Task description> Make an exact copy of all the records that follow, apart from the pictures.

Scraped caption text data

■ ■ ■ ■ ■

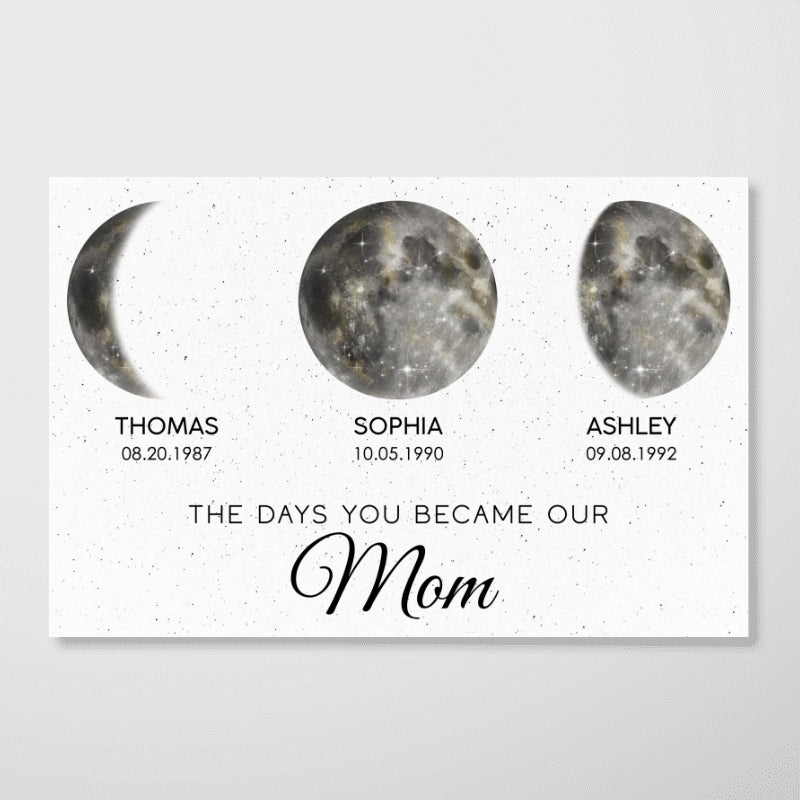 The Day You Became Mom Custom Birth Moon Phase Golden Dust Personalized Poster | A Heartfelt Gift for Mom’s Birthday, Mother’s Day, or Just Because
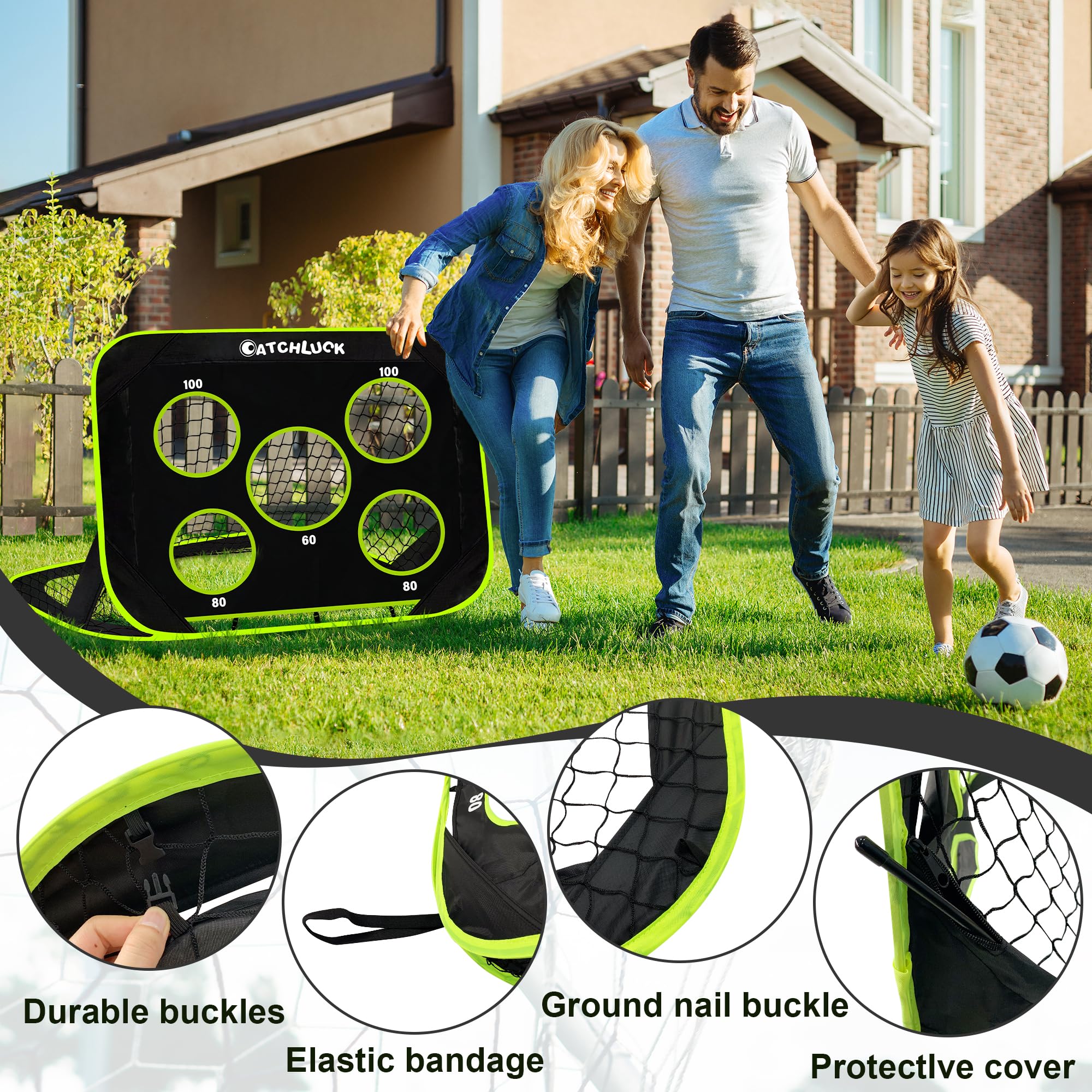 Siatki piłkarskie Pop Up Kids Football Goal, czarne
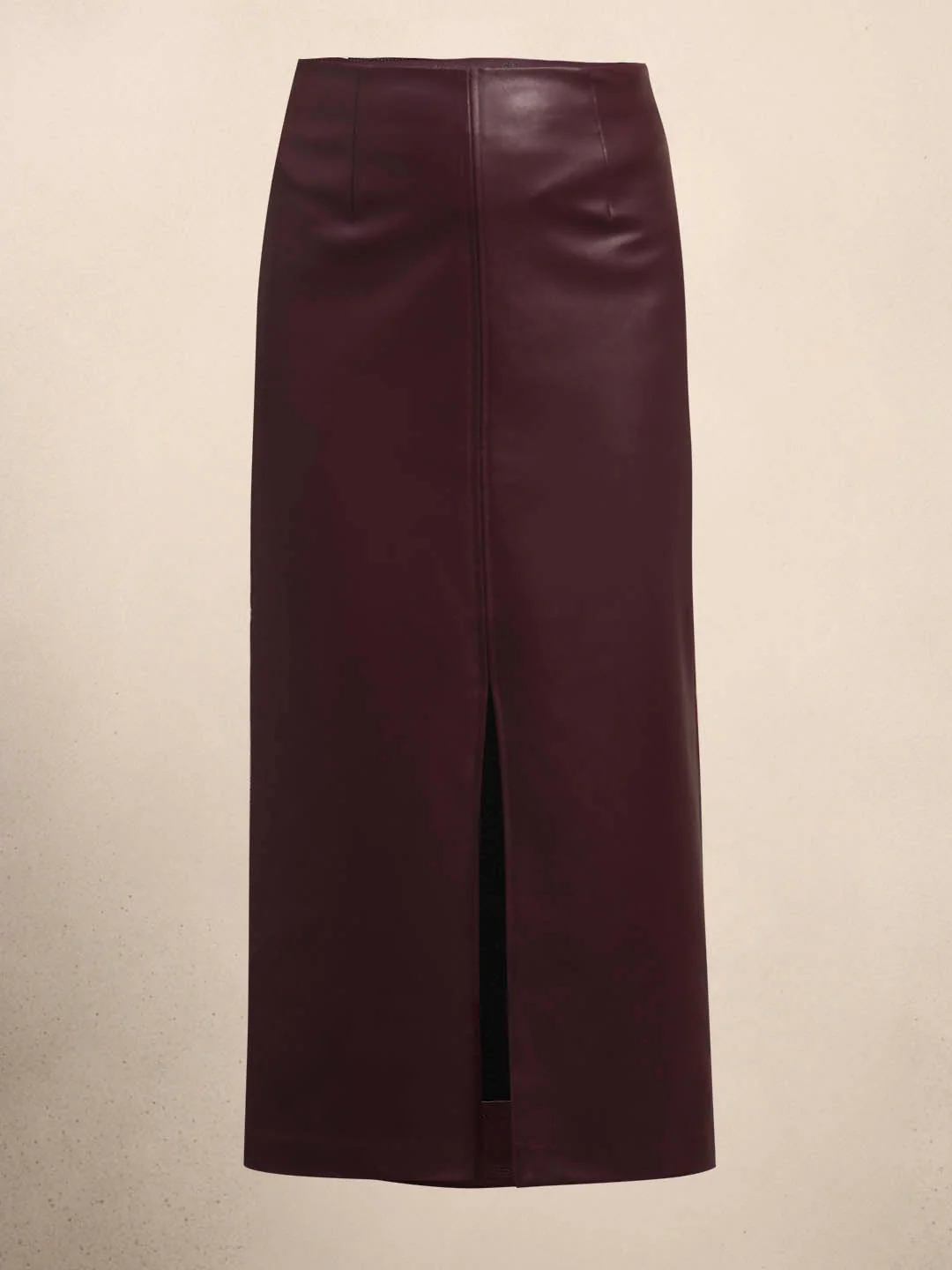 Faux Leather Front Slit Midi Skirt - Maroon - Image 7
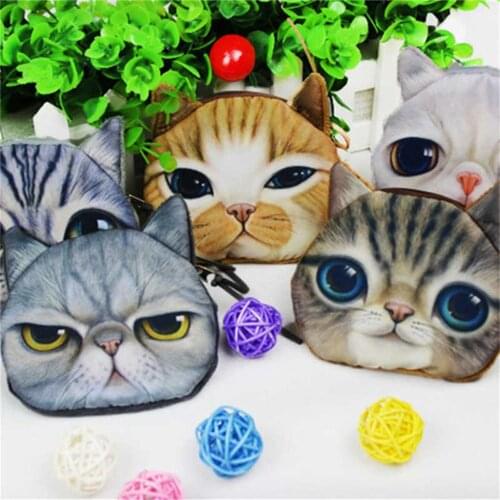 Hot 3D Cute Animal Print Bag Animal Face Zipper Cat Dog Bag Storage Plush SMALL Tools Conllection Bag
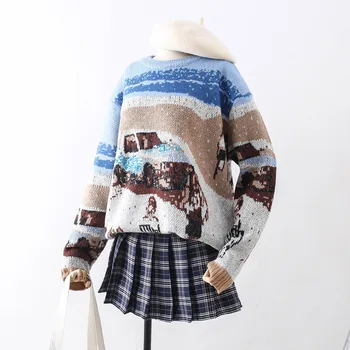 

2019 autumn winter long sleeve women sweater and pullover high quality designer runway brand car beach print jumper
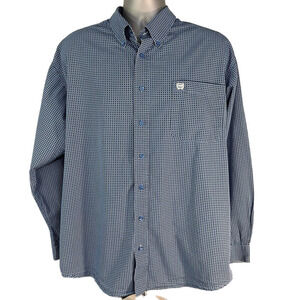 Cinch Blue and Black Geometric Print Long Sleeve Button Down, Size L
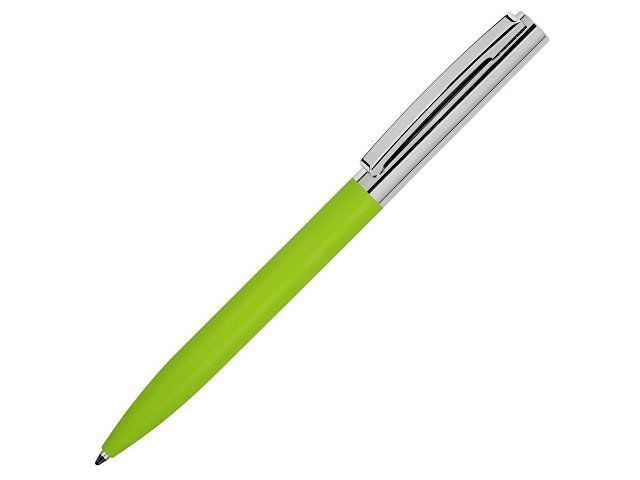 Ручка металлическая soft-touch шариковая «Tally» с зеркальным слоем, серебристый/зеленый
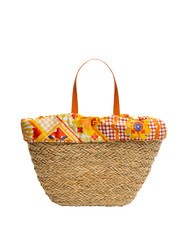 YNOT JAVA Borsa da mare grande in paglia orange - Borse Donna - 3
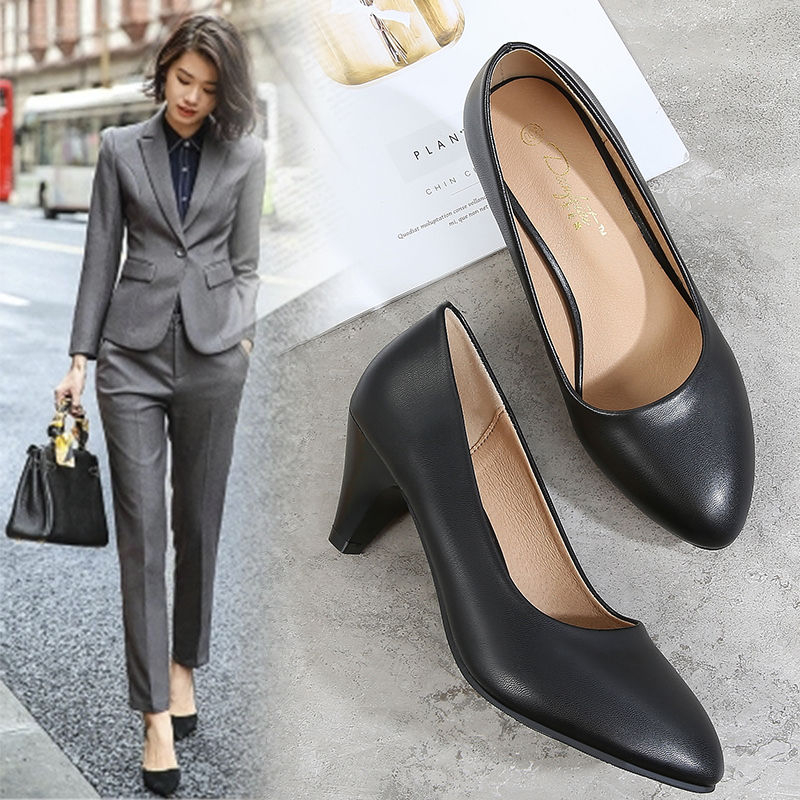 LS] Doll Shoes with Heels for Women Office Formal Work Comfortable Black shoes | Shopee Philippines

■ ■ ■ ■ ■

Answer section>
 The Day You Became Mom Custom Birth Moon Phase Golden Dust Personalized Poster | A Heartfelt Gift for Mom’s Birthday, Mother’s Day, or Just Because
 Siatki piłkarskie Pop Up Kids Football Goal, czarne
 Faux Leather Front Slit Midi Skirt - Maroon - Image 7
 Hot 3D Cute Animal Print Bag Animal Face Zipper Cat Dog Bag Storage Plush SMALL Tools Conllection Bag

2019 autumn winter long sleeve women sweater and pullover high quality designer runway brand car beach print jumper
 Cinch Blue and Black Geometric Print Long Sleeve Button Down, Size L
 Ручка металлическая soft-touch шариковая «Tally» с зеркальным слоем, серебристый/зеленый
 YNOT JAVA Borsa da mare grande in paglia orange - Borse Donna - 3
 LS] Doll Shoes with Heels for Women Office Formal Work Comfortable Black shoes | Shopee Philippines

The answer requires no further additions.